Verification: H3 hypothesis experiment, H29 snapshot-staleness experiment (see hypothesis-archive branch).

Evidence: Issues #282, #283. At rate=5000, kv-utilization-only routing produces 200x worse distribution uniformity than queue-depth. Issue #463: unified Prometheus staleness model.


INV-8: Work-Conserving Property

Statement: After every step completion, if WaitQ.Len() > 0, a StepEvent must exist in the event queue. The simulator must not idle while there is work waiting.

Verification: sim/simulator_test.goTestWorkConserving_StepRestartsWhenWaitQNonEmpty. Deterministic test with MaxRunningReqs=1, two requests arriving simultaneously. Without the property, the second request is stranded forever (no arrival to trigger a new StepEvent). With the property, both complete.

Evidence: H-MMK experiment (PR #325) — without the work-conserving fix, W_q error was 151,000% at ρ=0.3. After fix, error dropped to 47% (remaining gap is discrete step processing, not a bug).

Additional evidence (hardening wave): Issue #349, fix #519 — Go range over mutable RunningBatch.Requests during FormBatch Phase 1 visited evicted requests, triggering 102K+ cascading preemptions with zero completions. The simulator never made forward progress (zero completed requests = INV-8 violation). See R21.

Code location: Search for // Work-conserving: comment in sim/simulator.go — the else branch of len(remaining) > 0 checks WaitQ.Len() > 0 and schedules a new StepEvent.

Hypothesis family: Structural model (same as INV-4, INV-7).


INV-9: Oracle Knowledge Boundary

Statement: Servability decisions — enqueue guard (EnqueueRequest), admission control (AdmissionPolicy), routing (RoutingPolicy) — must not read Request.OutputTokens or len(Request.OutputTokens).

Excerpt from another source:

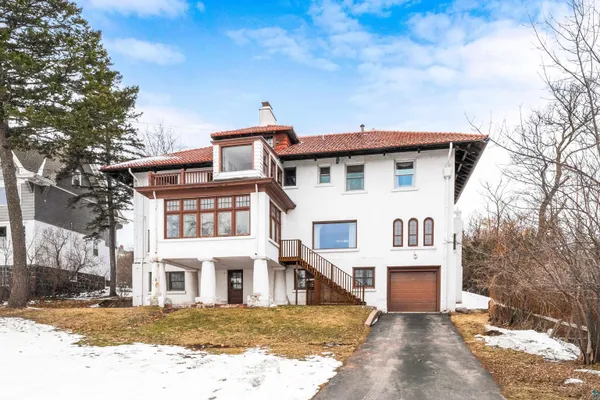 $775,000 | 2514 East Superior Street, Duluth, MN 55812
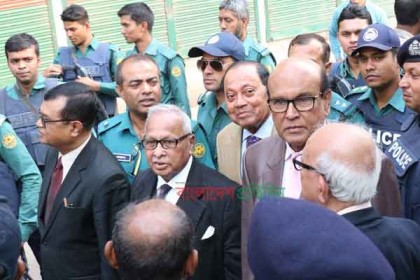 খালেদার সঙ্গে দেখা করতে কারাগারে ৫ আইনজীবী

The control plane uses Request.MaxOutputLen (client-declared output budget) for sequence-length checks against MaxModelLen. When MaxOutputLen == 0 (no budget), only input length is checked; the proactive MaxModelLen cap in FormBatch (clamping to maxModelLen-1-ProgressIndex) and the completion boundary in processCompletions (PI >= maxModelLen-1) enforce output growth limits. Only the execution engine (executeBatchStep, processCompletions, recordRequestCompletion, FormBatch step planning) may access OutputTokens for token generation, completion detection, and per-step resource allocation.

Rationale: In real inference serving (vLLM), the engine does not know actual output length at admission time — only the client's declared max_tokens budget. BLIS's Request.OutputTokens is oracle knowledge (pre-determined for simulation). Using it for servability decisions would make the simulator's control plane behave differently from a real system, invalidating capacity planning results. See issue #567 ("Architectural Principle: Oracle Knowledge Boundary").

Scope: The boundary applies to servability decisions (admit/reject/route), not to all scheduler operations. FormBatch legitimately reads OutputTokens for decode-phase step planning (whether to allocate a decode token), which mirrors vLLM's scheduler reading sequence state for per-step execution. The distinction: "should this request enter the system?" (servability — no oracle) vs. "what should this request do in the current step?" (execution — oracle allowed).

Verification: sim/simulator_test.goTestEnqueueRequest_MaxOutputLen_OracleKnowledgeBoundary: a request with OutputTokens=1000 but MaxOutputLen=0 and MaxModelLen=512 is NOT rejected (input=200 < 512 passes input-only check), proving the enqueue guard does not peek at OutputTokens. Grep-based verification: admission.go, routing.go, routing_scorers.go, routing_prefix_scorer.go, scheduler.go, slo_priority.go contain zero references to OutputTokens.

Evidence: Issue #567 — the original implementation's BC-4 fallback (effectiveMaxOutput = len(r.OutputTokens)) violated this boundary. Fixed in the same PR after convergence review caught it.

Hypothesis family: Structural model (same as INV-4, INV-7, INV-8).


INV-10: Session Causality

Statement: For all rounds N in a closed-loop session: round[N+1].ArrivalTime >= round[N].CompletionTime + ThinkTimeUs. Boundary: ThinkTimeUs = 0 produces equality.

Verification: sim/workload/session_test.goTestSession_RoundGeneration_CorrectArrivalTime verifies the arrival time formula. The ThinkTimeUs=0 boundary is inherent in the formula.

Evidence: Design doc docs/plans/2026-03-13-client-behavior-model-design.md — INV-10 definition. Guaranteed by construction in SessionManager.OnComplete.

Hypothesis family: Scheduler invariants (safety/liveness) — causality chain for session rounds.


INV-11: Session Completeness

Statement: Every session reaches exactly one terminal state: completed (all rounds done), cancelled (a round timed out or was dropped), horizon-interrupted (simulation ended mid-session), or budget-exhausted (concurrency mode: global follow-up request cap reached). No session is silently abandoned.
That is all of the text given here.